The Department of Homeland Security, working with states and with Department of Motor Vehicles agents, was supposed to set up guidelines on this basic but critical topic. DHS Secretary Michael Chertoff testified before Congress in September that the agency was working on the project, but gave no sense of when the guidelines might be done, or what the standards for the technology will be.
Without knowing which technology to use, states can't even begin soliciting bids from firms to produce the cards. They can't finalize deals. They can't get delivery of product, install the new equipment, train their workers, or run trials to ensure that the system is free of glitches. All that takes time, especially considering that they're government processes. And these aren't the only things that need to happen before a national ID can be implemented.
A September report by a coalition of state governors and state legislative groups, along with representatives from the American Association of Motor Vehicle Administrators, confirms that states have no firm guidelines as of yet. The report goes on to cover many aspects of implementation that the Real ID Act itself leaves vague. The report's alarming conclusions include a projected cost for the project of about $11 billion--more than 100 times the $100 million Congress originally envisioned. Even if the new estimate is way off, we're still talking about total costs of an order of magnitude greater than the plan's backers have claimed.
The report makes some recommendations to the federal government, at least one of which seems difficult to contest: States need more time. I hope that the states do get time, and that all parts of our government use it wisely, not only to implement the new ID but to carefully consider its security safeguards. The California state legislature has taken a crack at the latter point, and has delivered a good set of principles that could work nationally.
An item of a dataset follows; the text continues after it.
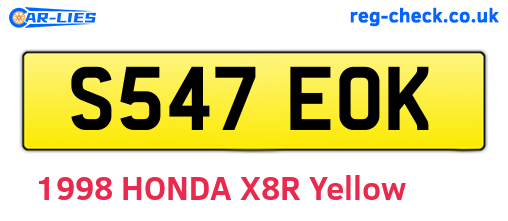 S547EOK are the vehicle registration plates.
The states' report focused primarily on the arguably more realistic cost estimates for the Real ID plan, but it also used them as a launching pad for discussions of several related, key issues. One of the most important is whether all states should be required to use the same machine-readable technology for their IDs. The states make some good points in favor of allowing multiple technologies, including the potential for cost savings, the ability to use best-of-breed technology that keeps pace with advances, and concerns that if only one technology is approved, criminals need crack only one system to be able to falsify documents nationwide.
However, part of the point of the legislation is to produce ID documents that can be read and used by agencies anywhere in the United States. If there were no national standard, every federal agency that requires the cards would have to maintain readers that were state-specific. Banks, which also would likely use the IDs, would need state-specific readers, too.
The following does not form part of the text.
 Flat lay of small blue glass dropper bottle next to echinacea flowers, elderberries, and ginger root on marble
Can you imagine trying to get home from an out-of-state flight and having to wait while security staffers find the right reader for your home state? Or being told that to apply for a job in a new state you must first get that state's driver's license because your prospective employer can't read and verify your info from your current Real ID-compliant card? Or walking into a bank to open a new account because you've moved, and being informed that you can't do so because the bank doesn't support your former state's reader?
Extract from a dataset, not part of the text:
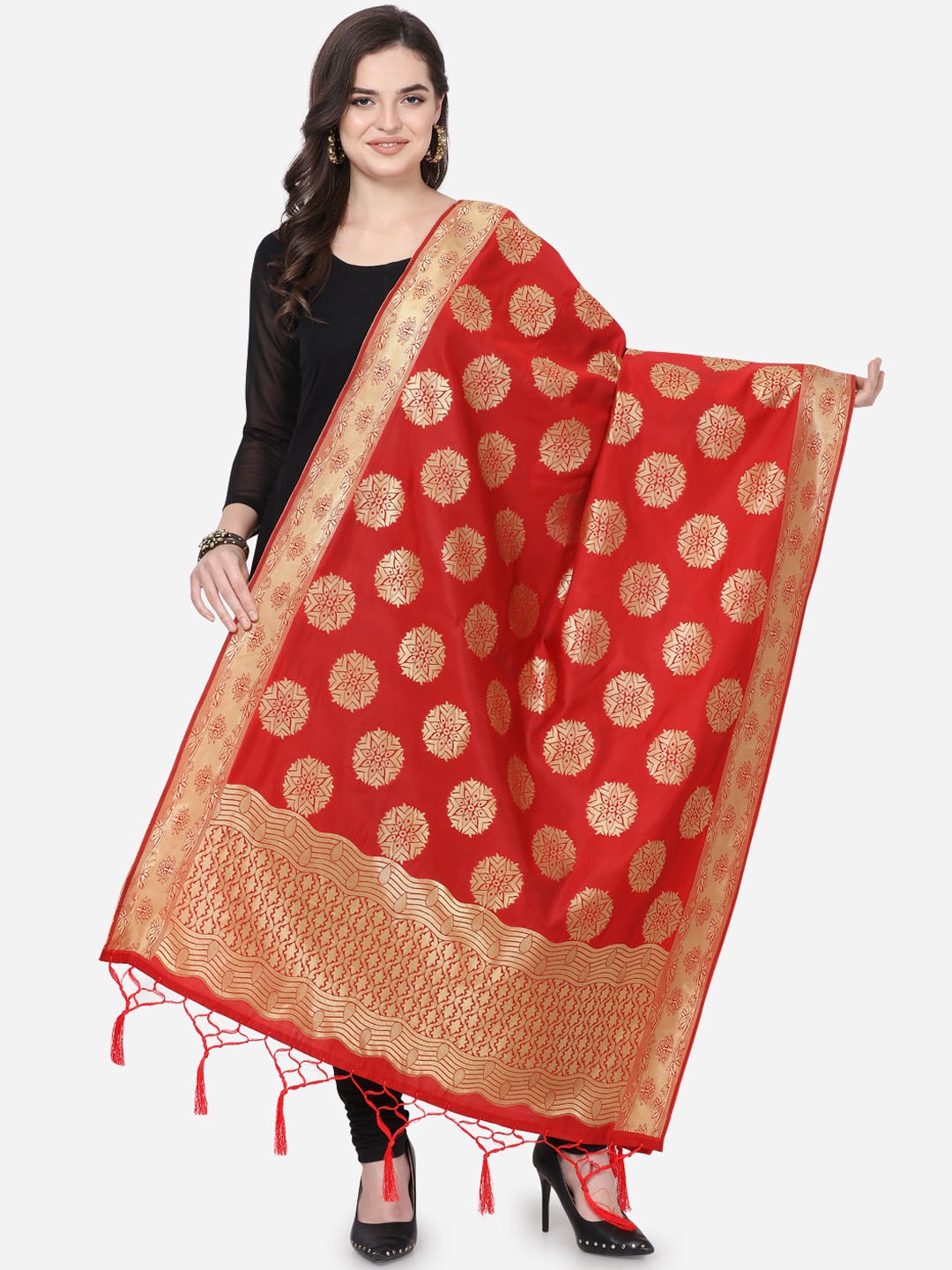 

Satrani Red & Gold-Toned Woven Design Banarasi Dupatta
Organizations not related to the government could use Real IDs much the way they use driver's licenses now--that is, such organizations would look only at the visible printed information on your card, rather than reading its magnetic strip, RFID, or smart chip. That takes care of the multiple-reader problem for private companies, but does nothing for federal agencies--including those in charge of airport security--and other government groups that almost certainly would need to use the built-in electronic technology.
The cards are also meant to help control immigration and protect us against terrorists by verifying your information so that, for example, motor vehicle bureaus know you are who you say you are, that you don't have another valid license elsewhere, that you're not a wanted criminal, and that you have a right to be in the country. If you're in the United States temporarily, you're supposed to get a driver's license that expires when your visa does, or that must be renewed annually.
The DMV must verify your name, date of birth, social security number, residence, prior licenses, and immigration status before it issues a new license. The problem is, according to the states, only one of the several national databases that would allow state DMVs to check all that information is actually accessible to those DMVs.
Before the system could function, all government entities involved would have to get those other databases securely online, standardize on file formats and authentication procedures, and create the network and server infrastructure to store and shuttle all that data. All of it needs to happen so that, for example, Florida's DMV can ascertain which John Smith is applying for a new license, and can access the proper records in a timely fashion.